We love employees who go above and beyond. Who doesn’t? In fact, every year we look across our client base and acknowledge the individuals who receive the most customer recognition and reward them for being the “Brand Ambassadors” of their companies. Brand Ambassadors talk about their work with passion regardless if they are the partner of an accounting firm or a customer service representative. These individuals are exceptional, and every organization interested in transforming the customer experience needs more of them.

But recently as we were raving to a telecommunications client about the importance of these individuals, we faced another question. Customer feedback for this client was showing customers were recognizing the customer service staff for calling post-installation to check if the technician had met all of their needs. Customers loved the additional touchpoint, and it made them feel taken care of. But the CEO was less than thrilled. “Do I have great people,” he asked, “or just broken processes that they have to work around that makes them great?”

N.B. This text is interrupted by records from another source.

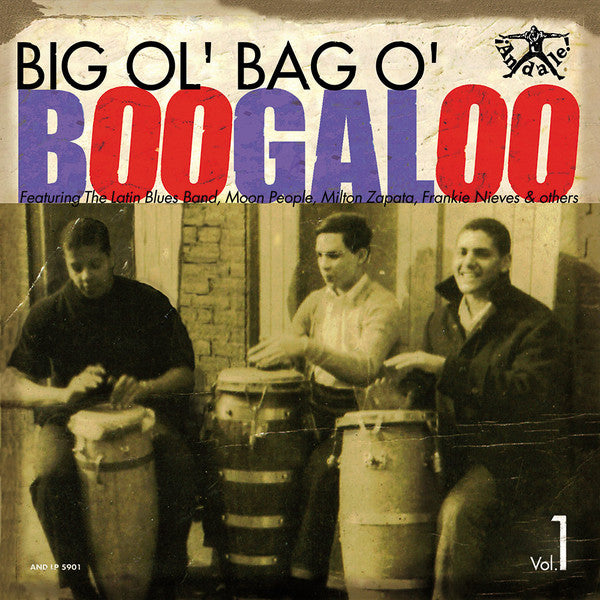Orquesta Olivieri/Frankie Nieves - BIG OL' BAG O' BOOGALOO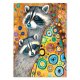 Plakat - Kolorowy szop 50x70 cm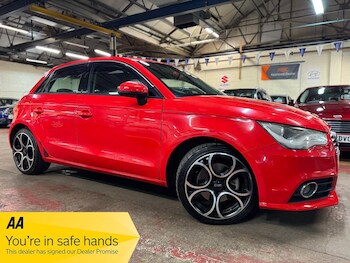 (13) - 1.4 TFSI Sport Sportback 5dr Petrol S Tronic Euro 5 (s/s) (122 ps)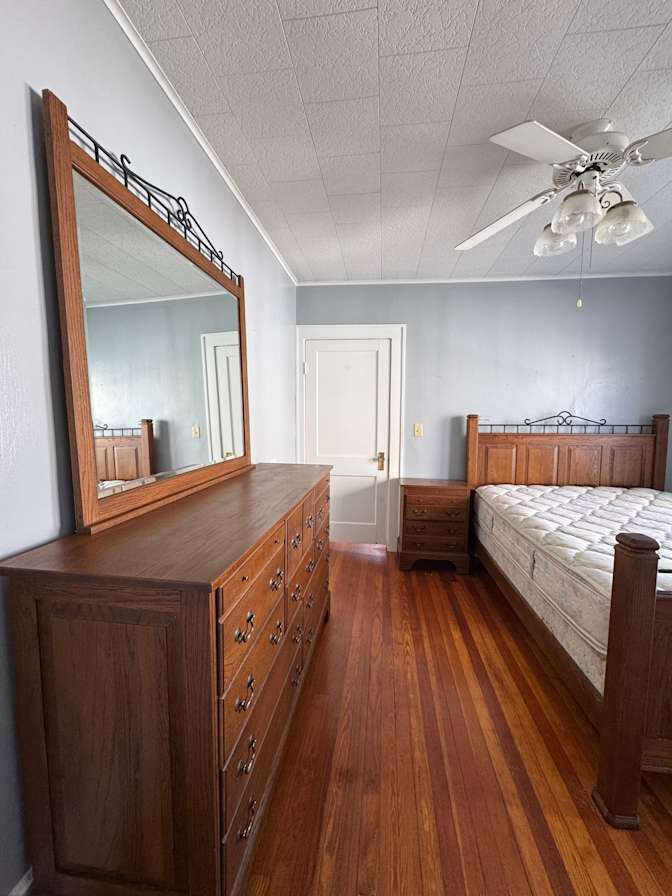 Jujane Miller's room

He explained that the reason the service reps were doing this is because so many times the installers didn’t show up or, when they did, they lacked the equipment to do the job. Employees knew this and were calling to check in with the customer to ensure that the problem didn’t escalate. Customers appreciated this, but it placed unnecessary pressure on the customer service team.

A May article in CRM Buyer further illustrates this point:

When a garage door failed, trapping two cars, an early morning call brought out a service technician at 7:30am. Because the company kept meticulous records, he came equipped with the proper springs for the door, even though it had been purchased by the previous homeowners. The customer jokingly apologized for the early service call, and the technician answers, “The earlier I start my day, the earlier I get to knock off – so thank you!”

Clearly the bright outlook of the technician colored this experience excellent, but it’s also worth noting that the technician likely felt so positive because he worked for a company that had processes in place allowing him to do great work. This company didn’t need customer service reps to “go above and beyond” because the technicians were empowered to get it right the first time. Indeed, our Brand Ambassadors consistently mention their companies’ outstanding customer service philosophies as being something that inspires them to go above and beyond for customers.

Behavioral theorist Dan Pink says that humans are motivated by three things: autonomy, mastery, and purpose. Broken internal processes prevent employees from being masters in their work, and this is innately demoralizing. Zappos, a company often praised for its incredible service culture, brings this to light perfectly. Zappos founded an exceptional self-service technology with the understanding that this would free their people to be customer service masters. The right processes free their employees to create the “wow!” moments that has made Zappos famous.

Technology, processes, and protocols cannot change people. They can, however, send a powerful message to employees that you are behind them 100% in becoming customer experience masters.